Скорее спать, отдохнуть от тревог, сомнений и вопросов.
От Джубги до Туапсе восемьдесят с лишним вёрст ехал я на крестьянской телеге круглые сутки. Шёл дождь. Маленькие лошадки, высотой с телегу, плетутся шагом, семенят вынужденной рысью только под гору. Ночью стало холодно и темно. Стучат по шоссе колёса, а куда едем — ничего не видать. Дремлет кучер и, просыпаясь, кричит на лошадей испуганным и жалостным крестьянским голосом всегда одни и те же слова:
— Но-ка, вы, вперёд!
От этого повторения дорога кажется бесконечной.
В палатке на телеге тихо, можно даже зажечь свечу, почитать старую газету о войне, о подвигах, о великом волнении народов всего мира. Но вдали щёлкнул ружейный выстрел. Не по нашему ли странному, движущемуся в горах огню? Затушил свечу и дремлю, весь во власти явлений пережитого. И уже кажется, что это мне кто-то кричит испуганным и жалостным голосом: «Но-ка, вы, вперёд!» Я тороплюсь, делаю усилия бежать вперёд и просыпаюсь. Крякает от холода кучер. Слышит, что я не сплю, спрашивает:
— А как, по вашему, господин, победим мы этого немца али нет?
Говорю — непременно победим!
— Мне и сын с войны пишет, что победим. Вот тогда наше сердце будет весёлое…
В Туапсе приехали десятого к полудню. Падал снег, и расстроенный нападением неприятеля городок выглядел неприветливо. Повреждений турецкие выстрелы причинили мало. Было на море большое волнение, и «Гамидие» не мог брать прицела, торопливо и беспорядочно разбрасывал снаряды по городу и окрестностям.
В «Метрополе» нельзя было останавливаться: холодно в номерах. Один снаряд попал в крышу гостиницы, разрушил часть задней стены и одну комнату третьего этажа, пробил потолок на второй этаж и ранил сестру милосердия, денщика и собаку.
Остановился в «Европе» на самом берегу порта. Зелёное море, снежные берега. До самого горизонта перекатываются на просторе тяжёлые валы.

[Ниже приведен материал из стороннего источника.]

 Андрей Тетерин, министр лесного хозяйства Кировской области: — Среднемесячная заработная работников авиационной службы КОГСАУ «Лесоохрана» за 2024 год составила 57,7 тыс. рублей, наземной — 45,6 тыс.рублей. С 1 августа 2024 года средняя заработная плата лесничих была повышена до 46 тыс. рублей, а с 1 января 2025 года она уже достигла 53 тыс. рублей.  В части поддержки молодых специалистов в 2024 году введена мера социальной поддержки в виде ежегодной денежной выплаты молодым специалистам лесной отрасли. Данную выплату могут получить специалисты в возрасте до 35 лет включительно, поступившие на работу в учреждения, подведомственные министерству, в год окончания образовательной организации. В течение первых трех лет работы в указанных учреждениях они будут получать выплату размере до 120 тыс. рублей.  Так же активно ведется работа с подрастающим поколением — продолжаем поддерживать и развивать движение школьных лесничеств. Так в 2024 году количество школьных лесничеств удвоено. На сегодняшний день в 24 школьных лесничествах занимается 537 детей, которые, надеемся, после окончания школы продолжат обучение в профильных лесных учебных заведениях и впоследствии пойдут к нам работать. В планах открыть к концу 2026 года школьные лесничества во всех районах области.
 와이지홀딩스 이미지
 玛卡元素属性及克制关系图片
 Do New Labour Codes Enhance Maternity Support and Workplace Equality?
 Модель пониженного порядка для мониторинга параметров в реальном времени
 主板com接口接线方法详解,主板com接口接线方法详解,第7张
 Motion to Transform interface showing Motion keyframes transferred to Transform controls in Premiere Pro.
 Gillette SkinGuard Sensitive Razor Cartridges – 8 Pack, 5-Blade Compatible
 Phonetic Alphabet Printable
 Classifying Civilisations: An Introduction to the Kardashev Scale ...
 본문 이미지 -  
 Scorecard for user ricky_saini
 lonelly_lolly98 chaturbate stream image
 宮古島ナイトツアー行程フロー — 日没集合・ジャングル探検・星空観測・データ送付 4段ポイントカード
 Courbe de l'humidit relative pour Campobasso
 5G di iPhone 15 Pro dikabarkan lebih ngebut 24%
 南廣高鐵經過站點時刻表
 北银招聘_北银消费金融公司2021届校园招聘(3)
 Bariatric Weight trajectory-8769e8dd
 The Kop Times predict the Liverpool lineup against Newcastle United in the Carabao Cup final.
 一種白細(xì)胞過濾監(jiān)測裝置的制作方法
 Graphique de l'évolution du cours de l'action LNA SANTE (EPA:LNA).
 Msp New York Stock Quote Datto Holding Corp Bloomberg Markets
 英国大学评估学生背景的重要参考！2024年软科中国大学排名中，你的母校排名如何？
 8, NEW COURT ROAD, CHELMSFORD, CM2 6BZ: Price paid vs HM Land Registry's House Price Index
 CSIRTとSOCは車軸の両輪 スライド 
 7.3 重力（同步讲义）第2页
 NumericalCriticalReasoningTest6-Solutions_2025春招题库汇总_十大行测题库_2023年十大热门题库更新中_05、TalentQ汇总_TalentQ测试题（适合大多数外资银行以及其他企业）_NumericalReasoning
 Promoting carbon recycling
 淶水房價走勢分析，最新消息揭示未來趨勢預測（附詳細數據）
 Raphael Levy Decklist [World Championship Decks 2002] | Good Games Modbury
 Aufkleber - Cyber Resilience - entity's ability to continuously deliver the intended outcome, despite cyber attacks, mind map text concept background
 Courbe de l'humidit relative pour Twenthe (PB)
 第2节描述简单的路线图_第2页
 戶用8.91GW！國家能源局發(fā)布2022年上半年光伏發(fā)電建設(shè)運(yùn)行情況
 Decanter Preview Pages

В Туапсе, конечно, только и разговоров, что о недавнем событии. Говорят, рассказывают и сами ещё не могут вполне поверить в то, что было.
— Своего ждали. Глядим — катит! Обрадовались. А он обернулся боком, да как бахнет! По улицам дзы-нь…
— Шашнадцать буша-ак! С одного боку шашнадцать, да с другого боку шашнадцать. Хах ты, Азия!
III
[править]Черноморское побережье Кавказа — природная крепость, у которой есть лишь несколько узких входов по линиям железных дорог и высоких перевалов. И даже слабая защита обеспечивает этой естественной твердыне полную неприступность. Особенно зимой. Вон они, белки гор! Совсем близко придвинулись к морю, спустились до зелени лесов. И ледники, и голые скалы покрылись вчерашним слоем чистейших снегов. От их сверкания белеют волны моря.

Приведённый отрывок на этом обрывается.